This was bad news for Melanson, who after cutting back on staff and hours, is struggling to keep the coffee shop afloat. Unless he can find someone, or some way, to support Carol’s by the end of February, he will likely have to sell it, he said.
“Right now, I would need $70,000 more than I make per year (to keep the operation running),” he said. “That would include how much I put into it each year and a bit of a salary, and I would like that to be a little more than minimum wage.”
Over the last few months, Carol’s fans have come out of the woodwork to offer support and suggestions, but none yet have found a solution.

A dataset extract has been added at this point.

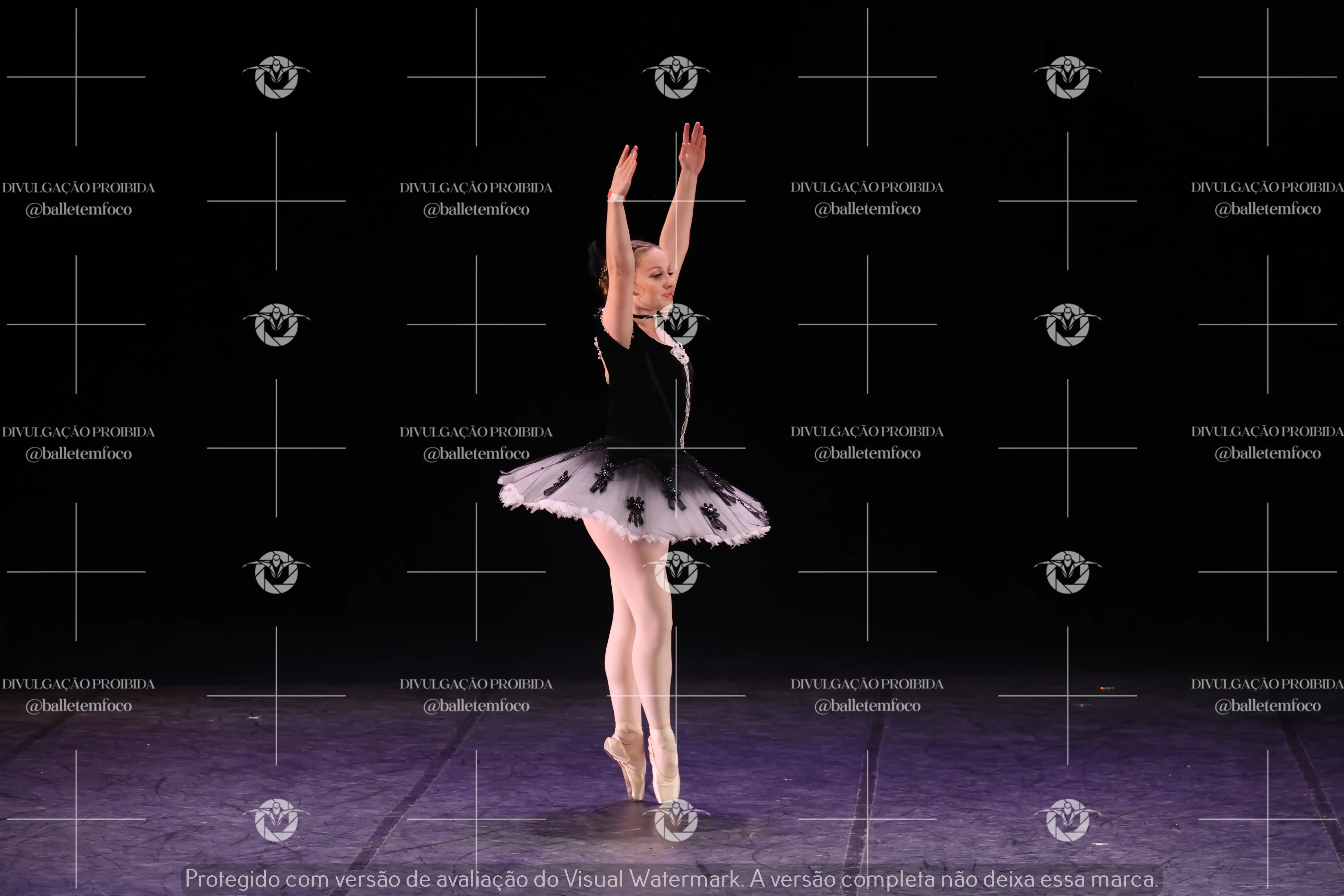 1325_196C (125).webp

One woman offered Melanson a $5,000 loan, interest free, for a year. But that would only keep the coffee shop going for a month, and it would add $5,000 to his debt, Melanson said. So he declined.
Other community members have suggested operating the coffee house as a co-op, using membership fees to cover some of the costs. Melanson has even talked to the Middlebury Natural Foods Co-op about becoming an annex to that operation, but the Co-op already has its hands full, he said.
Middlebury College officials met with Melanson several times to discuss the possibility of collaborating in the former Eat Good Food space on Main Street, but Melanson wasn’t convinced that would solve his problems. He would still have to deal with his lease on the Merchant’s Row space, and he worried about the lack of parking near the college’s shop. He was also wary of collaborating with another group of people.
Melanson told the college what he really needed was to pay off his debt, which is only half of what he’s invested in Carol’s over the last two and a half years.
“If I could get out from under that debt, which would take me 30 years to pay off now, then I would go (to the Eat Good Food space),” he said. “That way, if in a month or two or six we don’t get along, I can go and it won’t be a problem.”
Melanson and the college agreed this wouldn’t work.
Many of the factors contributing to Melanson’s struggle are uncontrollable, like the fact that the Merchants Row shop just doesn’t attract enough foot traffic.
“This is more of a destination spot; well, it is for all the people who come here as regulars,” he said. “They’re coming here because they know what’s here and they like it. What we need is more of a spontaneous drop-in crowd.”
The regulars are many, and the place is often packed.
“But I say, you’ve got to look at the register,” Melanson said. “If it sits there idle then I’m not making money.”
He has considered selling more merchandise and more food, but this feels like a gamble he isn’t willing to take, he said. Adding a sandwich shop to the operation, for example, might increase revenue but it would cost at least $5,000 to get started.
“My bank account is giving me a timeline,” he said. “I’ve come to the end of my savings.”
Carol’s opened its doors in July 2005, less than a month after the death of Melanson’s business partner Carol Ross. In the wake of that tragedy, Melanson, together with former manager Gina Tindall, decided to go ahead with the business, which had been Ross’s lifelong dream.
When he thinks about that, Melanson said, he has hope for the business.
“(Carol) was looking at that particular space 20 years ago when she first moved to town,” Melanson said. “So we went for it. It was crazy, it really was … With the things that have happened to me in my life you never know what’s going to happen around the corner. One minute you’re living in Goshen, next you’re running a coffeehouse. Something could come along, or somebody.”